Flash forward about 30 years and our father has since reconciled with Mike and me.  In 2007 my mother passed away and would never have contact with him before she died.   She had moved on as well so I am not sure that it would have mattered to her anyways.  Thaddeus Lech Jr. died in his 30-foot travel trailer along the Gulf Coast of Florida in 2011.  He had become a renowned local fisherman; I can prove it with a few hundred photos I inherited of him holding up virtually every kind of fish that either spawned or was native to the Florida panhandle region of the Gulf of Mexico.  He was also renowned in the automotive industry:  inventor and co-inventor for Borg-Warner Automotive, holding over 20 patents for various types of clutch assembly and drive train components.  His genius had continued!  It makes sense that it would.  When I was a kid he’d crafted the most phenomenal gerbil cages you could ever imagine for our pets Agatha, Ralph, and Dee.  If I insert the word “sundeck” here you might be able to imagine the other rooms, elevated walkway, and security door too . . .
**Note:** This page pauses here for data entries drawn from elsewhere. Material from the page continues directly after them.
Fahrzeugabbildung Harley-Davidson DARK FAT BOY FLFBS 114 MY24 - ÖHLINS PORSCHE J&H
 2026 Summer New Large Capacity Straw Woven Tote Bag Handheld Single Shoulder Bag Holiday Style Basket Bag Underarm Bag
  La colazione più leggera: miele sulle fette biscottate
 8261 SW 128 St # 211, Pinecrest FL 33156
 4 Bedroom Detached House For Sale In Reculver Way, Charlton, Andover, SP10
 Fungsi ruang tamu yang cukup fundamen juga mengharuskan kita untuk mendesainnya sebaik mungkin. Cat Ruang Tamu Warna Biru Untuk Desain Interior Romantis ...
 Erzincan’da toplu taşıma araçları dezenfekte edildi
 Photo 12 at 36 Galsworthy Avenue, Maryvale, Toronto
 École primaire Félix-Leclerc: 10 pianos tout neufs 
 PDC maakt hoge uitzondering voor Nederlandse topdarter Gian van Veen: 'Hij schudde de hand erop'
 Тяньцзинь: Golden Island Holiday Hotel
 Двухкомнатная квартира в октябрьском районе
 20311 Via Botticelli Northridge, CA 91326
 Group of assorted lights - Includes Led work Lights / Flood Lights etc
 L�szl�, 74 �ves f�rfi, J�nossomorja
Everyone has a “past.”  Everyone makes mistakes.  Sometimes there are reasons for those mistakes and sometimes it’s simply the manifestation of sin in our lives.  My childhood is filled with a few more sad stories than happy ones yet gratefully the sorrow has faded away.  There is much more to the story of my father that could be written here to fill in the details.  Others have attempted to share the sordid details perhaps to give the retelling of Mr. Motor’s story a little more spice.  I do not believe that is necessary at this time.  When my father contacted Mike then me before my father passed away, we were able to both get re-acquainted and speak words of regret, words of forgiveness.  I got to hear stories I never knew about myself as a girl and about this adventurous, brilliant, complicated man.  His smile and sense of humor warmed my heart in a place I did not know existed when I had moved on so many decades ago.  To hear the words, “I love you” was a salve I did not know I was craving for when they finally came at just the right time.  Even my husband, Steve, was touched by my dad’s gentleness, incredible way of handling the characters of the travel trailer park he had managed, and sense of humor.  They hit it off well:  car guys always do.

I hope the sequel to Vintage Slot Cars is a success.  I hope that racing fans from around the world visit the LA Slot Car Museum and talk about the amazingly fast Dyna-Rewind motors.  As for the genius between my brothers and me in the photographs below:  I will always love you dad.  Thank you for the memories.  With my orange motor labeled with the foil Dyna-Rewind sticker and stray wire hanging by a thread, I’m good.